The far-field noise of a supersonic jet is comprised of four major noise components. The first noise component is a high frequency short wavelength field that is coherent in phase and is commonly referred to as Mach waves. These Mach waves have plane phase fronts and are confined to a definite wedge sector and emanate from a region within the first few exhaust diameters downstream of the jet exhaust nozzle exit. These waves are generated by small-scale disturbances, or eddies, that are convected at supersonic speeds such that they emanate the Mach waves in the direction defined by a disturbance convection velocity and the atmospheric speed of sound. Surrounding these waves by a gas stream that has a speed that is greater than the speed of sound eliminates these waves.
The second noise component is a highly directional disturbance peaking at smaller angles relative to the jet axis (or at larger angles relative to the inlet axis). This noise field is generated from large-scale instabilities that reach peak amplitude in the region that is somewhat upstream of the end of the potential core. This source of noise is associated with the unsteady flow that is on a scale that is comparable with the local shear layer width. The spectral intensity of this sound field consists of two distinct peaks. One peak is associated with the highly directional Mach waves characterized by high positive pressure peaks in the far-field microphone signal. These Mach waves are of significant strength as compared to those that originate very close to the jet exit. This intense radiation is observed to emanate from a region that is between about 5-10 jet nozzle diameters and is associated with supersonically traveling large-scale coherent regions of vorticity. The far-field intensity contributions of this source is about 30 percent of the total intensity. The sources of the second sound field peak appear to located farther downstream (about 10-20 nozzle diameters) and are associated with unsteady flow generated by the large structures that are similar to those in subsonic jets.

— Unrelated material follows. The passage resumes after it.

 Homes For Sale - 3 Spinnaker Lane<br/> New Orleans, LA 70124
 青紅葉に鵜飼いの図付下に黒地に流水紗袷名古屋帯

The third noise field is at all angles relative to the jet axis and is at higher frequencies. This sound is generated in precisely the same manner as in subsonic flow by the conventional chaotic turbulence.
The fourth noise field is commonly referred to as shock-associated noise and it occurs in non-ideally expanded jets. The far-field noise spectrum associated with this noise typically consists of discrete peaks which represent the screech tones and a broad peak that is associated with the shock-associated broadband noise.
Attacking these noise components helps reduce the noise output from a jet engine.
The microjet noise suppression system for jet engines of the present invention helps reduce jet engine noise by attacking the various components of the far-field noise of the jet.
High pressure microjets are introduced for the suppression of the dominant large scale mixing noise source of a jet. These microjets introduce either an output stream, which stream may be steady or pulsed or a combination thereof, which stream is either gaseous or aqueous. The microjet stream is injected into the primary jet stream at and beyond the nozzle exit in order to manipulate the dominant source region, which region typically extends from about 5 to about 20 nozzle diameters from the nozzle exit. The interaction of the microjet jet stream or pulse interacts with the jet shear layer and reduces the turbulence levels in the noise producing region of the jet. The microjet jet stream or pulse influences the mean velocity profiles such that the peak normalized vorticity in the shear layer is significantly reduced which induces a stabilizing effect.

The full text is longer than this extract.